(Pictures with short captions)
---
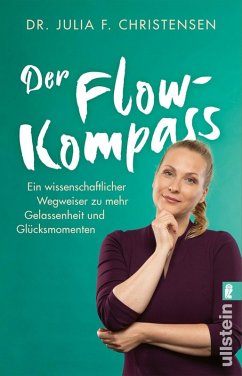 Cover Der Flow-Kompass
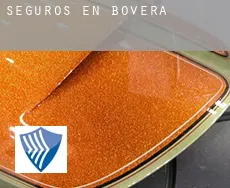 Seguros en  Bovera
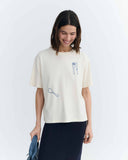 CAMISETA COBERTS LUCIA / THINKING MU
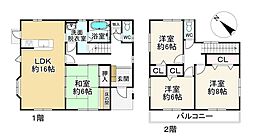 糸島市美咲が丘３丁目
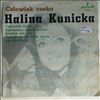 Kunicka Halina -- Czlowiek czeka (1)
---
* **ASSIGNED TASK**: Would you output the data above exactly as written, but with no images?

* **ANSWER FOR THIS EXERCISE**:
 Cover Der Flow-Kompass
 Seguros en  Bovera
 CAMISETA COBERTS LUCIA / THINKING MU
 糸島市美咲が丘３丁目
 Kunicka Halina -- Czlowiek czeka (1)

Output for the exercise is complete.